On walking out of Christopher Nolan’s most recent masterpiece, Inception, I found myself tragically plunged back into reality as the sticky floor of the cinema foyer reminded me exactly where I was. It was the pain of this realisation which verified for me that Nolan had achieved the primary goal of the filmmaker, to entirely envelop your audience into your own imaginative vision. Nolan’s film is not only a fantastic bit of Cinema, with its slick aesthetics, clever and well executed dialogue and edge of your seat action sequences, it is the accompanying thoughtfulness which sets him apart from his peers. Nolan’s conception of dreams and reality in the film become a self reflexive meditation on the nature of cinema itself, as it goes about allowing the audience to completely escape reality and slide into his own seductive and exciting dreams. After all, what is an audience but a group sitting together in room and sharing a dream, receiving a message, an idea, from the creators of the film?
In the build up to its release Nolan told The LA Times that he was influenced by the school of science fiction films which sprung to prominence in the 90’s. With the popularity of the Matrix setting off a trend of movies which ask the audience to question their conceptions of reality and the veracity of the world around us, Nolan goes about asking us: does the spinning top ever stop?:
“I think ours is of an older school, ours is more of The Matrix variety and the concepts of different levels of reality,” Nolan said. “The whole concept of avatars and living life as someone else, there’s a relationship to what we’re doing, but I think when I first started trying to make this film happen it was very much pulled from that era of movies where you had The Matrix, you had Dark City, you had The Thirteenth Floor and, to a certain extent, you had Memento too.
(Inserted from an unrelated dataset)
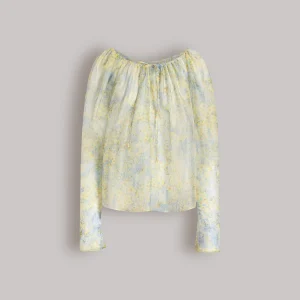 Camicetta in organza di seta con stampa floreale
They were based in the principles that the world around you might not be real.”
In terms of the film itself the cast are as good as they look on paper. The emerging talents of Ellen Page, Cillian Murphy, Tom Hardy and the ever well dressed Joseph Gordon-Levitt match up well with the more established big hitters of DiCaprio, Nolan’s increasingly ever-present lucky charm Sir Michael Cain and the hauntingly beautiful Marion Cotillard. Page and Murphy especially seek to break typecast as the former exudes a new maturity in an attempt to escape her quirky roots and the latter bringing a new vulnerability to the screen which is distant from his previous Nolan role of the Scarecrow.
By now there is little need for me to review this film in a traditional way as everything that can be said about it, glowing or critical, already has. However, one thing which has really irritated me in a lot of reviews of Inception and of Nolan himself is the comparisons with Stanley Kubrick. They are both vastly different filmmakers who deserve to be regarded independently for their achievements in the field (although Nolan’s career is still a fledgling one). Kubrick was a master across genre, with each of his films warranting a seminal place in their respective genres, for example 2001: A Space Odyssey as sci-fi and Full Metal Jacket as a Vietnam War movie. Nolan’s films fit more into a genre which is indefinable in their originality and imaginative breadth, allowing for him to leave a legacy entirely of his own. It is truly sad that these two directors have to be compared simply on the grounds that they make big budget, Hollywood movies while maintaining artistic, emotional and intellectual integrity. Nolan has embraced and utilised the technology available to him to create stunning special effects that bring something exciting and also cerebral to his pictures. This can be opposed to the cheap thrills of most big budget Hollywood films being made today which seek only to distract their audience with more loud bangs and bigger explosions (Yes Bruckheimer I am looking at you). These two directors seek to maintain the pillars of what cinema should be, entertaining AND thought provoking and many in Hollywood should look at their example. Christopher Nolan is producing films which maintain my faith in the Hollywood model of filmmaking and in Cinema on the whole as it looked to be declining into an endless cycle of remakes and adaptations of already established material.